[GIVEN RECORDS — start]

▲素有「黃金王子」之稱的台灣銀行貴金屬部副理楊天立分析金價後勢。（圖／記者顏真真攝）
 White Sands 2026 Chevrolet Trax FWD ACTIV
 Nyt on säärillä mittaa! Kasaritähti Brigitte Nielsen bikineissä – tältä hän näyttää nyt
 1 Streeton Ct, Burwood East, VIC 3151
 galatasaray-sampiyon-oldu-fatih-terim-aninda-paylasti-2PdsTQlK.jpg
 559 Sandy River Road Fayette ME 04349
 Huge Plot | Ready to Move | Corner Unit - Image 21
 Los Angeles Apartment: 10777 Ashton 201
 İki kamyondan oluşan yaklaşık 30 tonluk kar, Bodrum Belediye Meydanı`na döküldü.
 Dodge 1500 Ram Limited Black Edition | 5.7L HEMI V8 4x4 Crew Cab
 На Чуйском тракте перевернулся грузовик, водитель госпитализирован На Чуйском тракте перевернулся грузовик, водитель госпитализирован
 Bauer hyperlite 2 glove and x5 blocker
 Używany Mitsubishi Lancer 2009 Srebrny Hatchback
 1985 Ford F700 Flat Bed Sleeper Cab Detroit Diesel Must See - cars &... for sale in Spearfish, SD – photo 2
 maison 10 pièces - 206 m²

[GIVEN RECORDS — finish]

■ HOW TO COMPLETE THIS TASK ■
Your answer should consist of the lines from the line with "559 Sandy River Road Fayette ME 04349" through the last line of the data, set down exactly, both included.

■ ANSWER TO THIS TASK ■
 559 Sandy River Road Fayette ME 04349
 Huge Plot | Ready to Move | Corner Unit - Image 21
 Los Angeles Apartment: 10777 Ashton 201
 İki kamyondan oluşan yaklaşık 30 tonluk kar, Bodrum Belediye Meydanı`na döküldü.
 Dodge 1500 Ram Limited Black Edition | 5.7L HEMI V8 4x4 Crew Cab
 На Чуйском тракте перевернулся грузовик, водитель госпитализирован На Чуйском тракте перевернулся грузовик, водитель госпитализирован
 Bauer hyperlite 2 glove and x5 blocker
 Używany Mitsubishi Lancer 2009 Srebrny Hatchback
 1985 Ford F700 Flat Bed Sleeper Cab Detroit Diesel Must See - cars &... for sale in Spearfish, SD – photo 2
 maison 10 pièces - 206 m²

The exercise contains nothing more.